Detection of gC⁺, IL-4⁺, and IFN-γ⁺ cells in the TG of latently infected mice. Mice were infected in both eyes with 2 × 10⁵ PFU/eye of HSV-IL-4, HSV-IFN-γ, or parental virus. Naive, uninfected mice were used as controls. TG from five mice per group were harvested at 28 days p.i. and digested with collagenase (100 U/TG).
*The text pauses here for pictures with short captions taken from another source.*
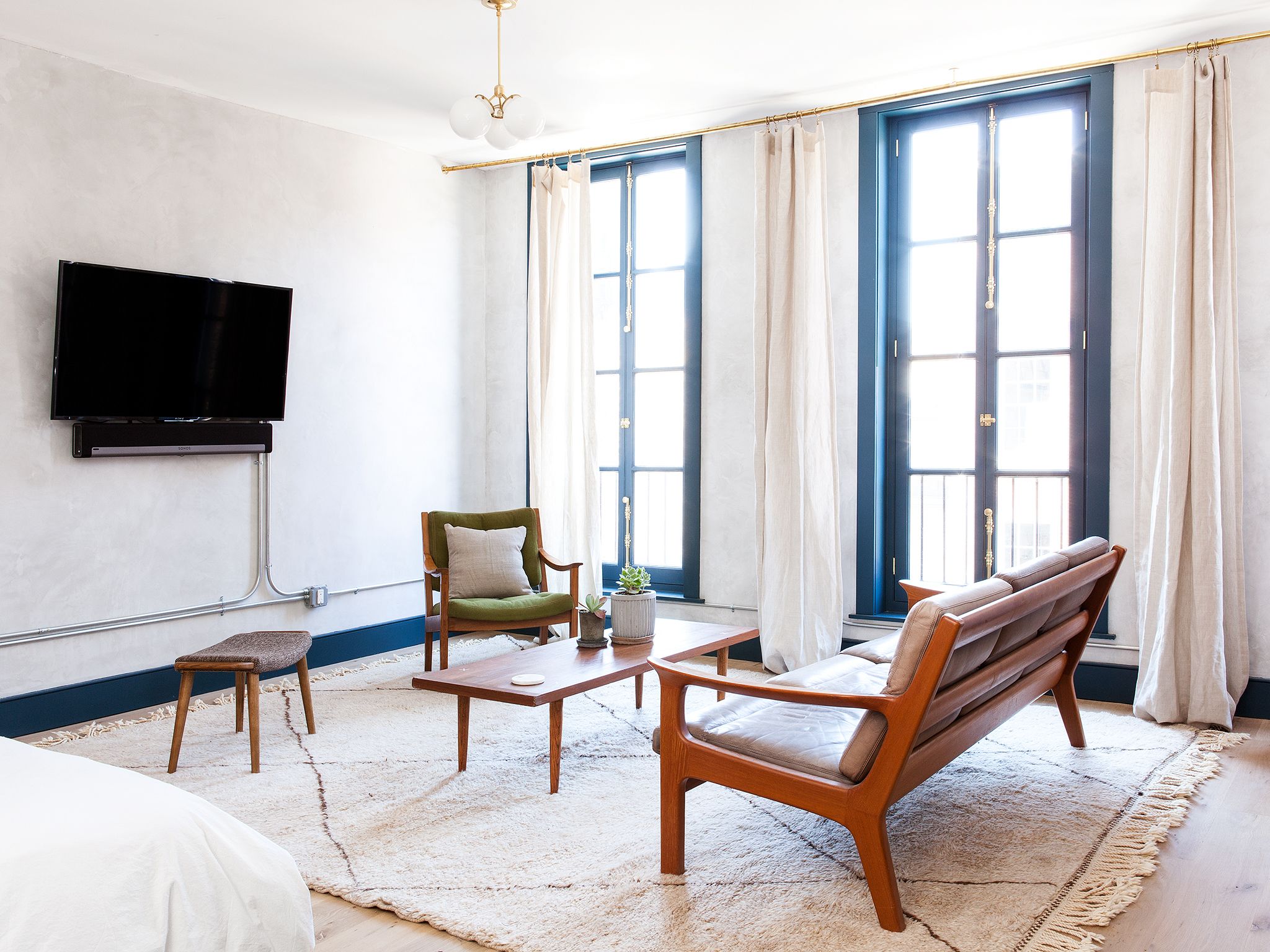 Televisión de pantalla plana, iPad, Netflix, películas con cargo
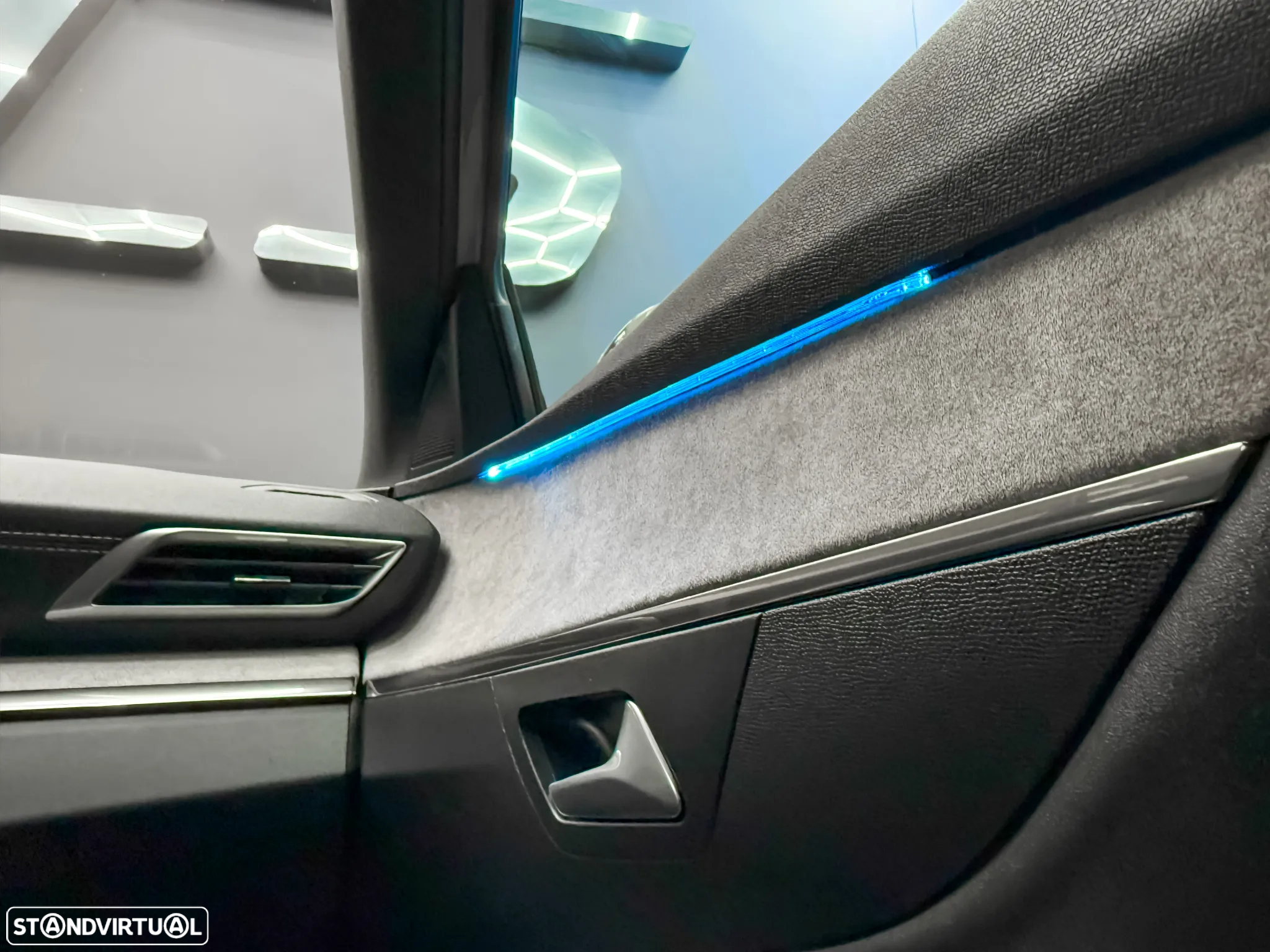 Peugeot 3008 1.5 BlueHDi GT EAT8 - 9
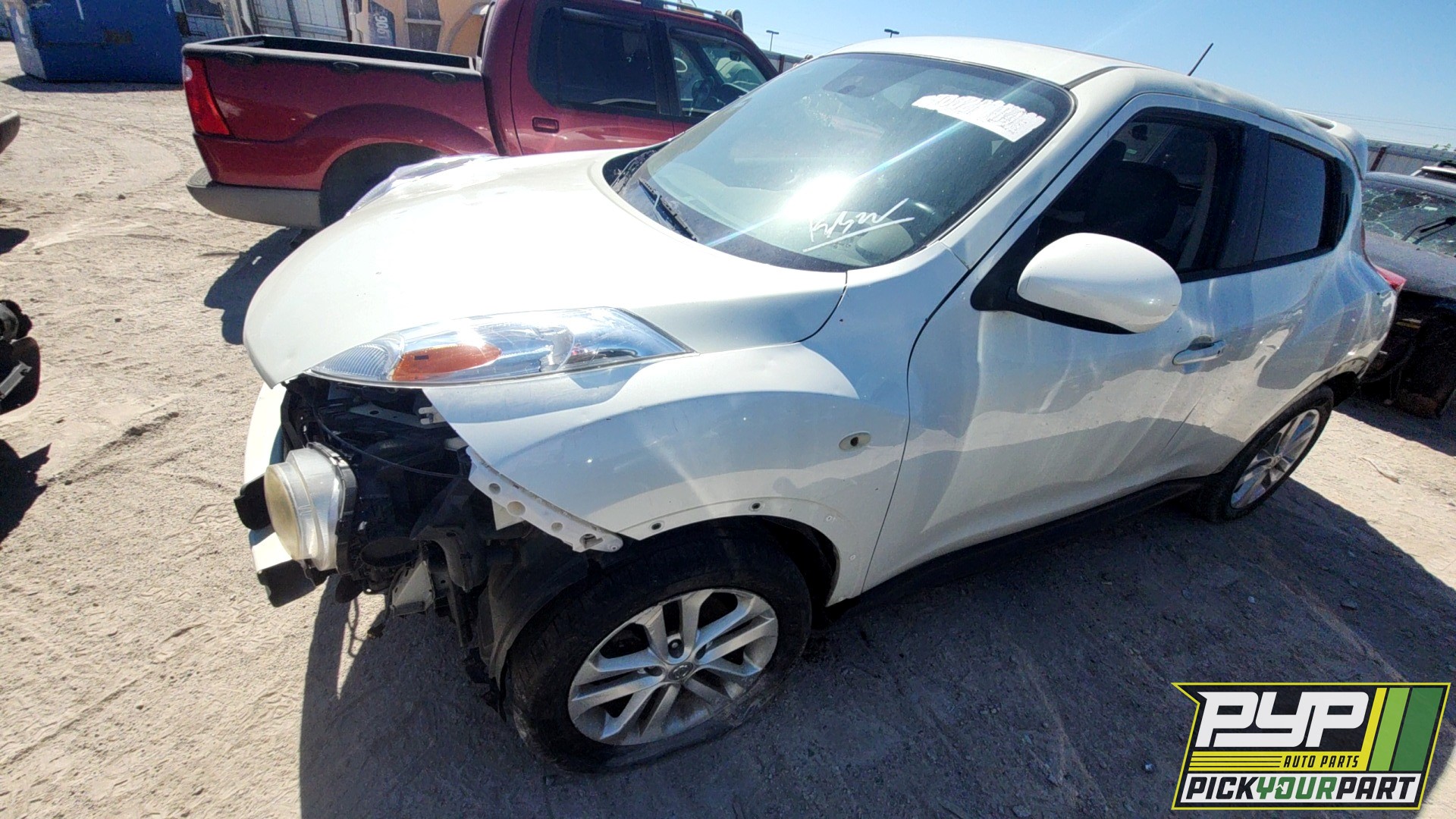 2011 NISSAN JUKE partes disponibles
The cell suspension was filtered through a 45-μm cell strainer and then stained with anti-gC, anti-IL-4, and anti-IFN-γ Abs and analyzed by flow cytometry. Numbers of gC⁺, IL-4⁺ and IFN-γ⁺ cells for each group are shown. Each bar represents the mean ± SEM from 5 mice per group. Representative images of gC⁺, IL-4⁺, and IFN-γ⁺ cells are presented in Fig. S2 and S3 in the supplemental material. (A) gC⁺ cells; (B) IL-4⁺ cells; (C) IFN-γ⁺ cells. P values were determined using one-way ANOVA.

FIG 9

Effects of IL-4 and IFN-γ on levels of transcripts in the TG of latently infected mice. TG were isolated from latently infected mice on day 28 p.i., and the TG from individual mice were subjected to quantitative RT-PCR using total RNA. The levels of CD4, CD8-α, PD-1, IL-4, and IFN-γ mRNA in naive, uninfected mice were used as a baseline control to estimate the relative levels of each transcript in TG of latently infected mice. GAPDH levels were used to normalize the relative expression of each transcript. Each point represents the mean ± SEM from 10 TG per group. (A) CD4 transcript; (B) CD8-α transcript; (C) PD-1 transcript; (D) IFN-γ transcript; (E) IL-4 transcript. P values were determined using one-way ANOVA.

FIG 10

Explant reactivation in TG from latently infected mice. TG were harvested from HSV-IL-4-, HSV-IFN-γ-, or parental-virus-infected mice on day 28 p.i., and the TG from individual mice were incubated in 1.5 ml of tissue culture medium at 37°C. The presence of infectious virus was monitored for 14 days. For each virus, 20 TG from 10 mice were used. The average times that the TG from each group first showed cytopathic effects ± SEM for each virus are shown. P values were determined using one-way ANOVA.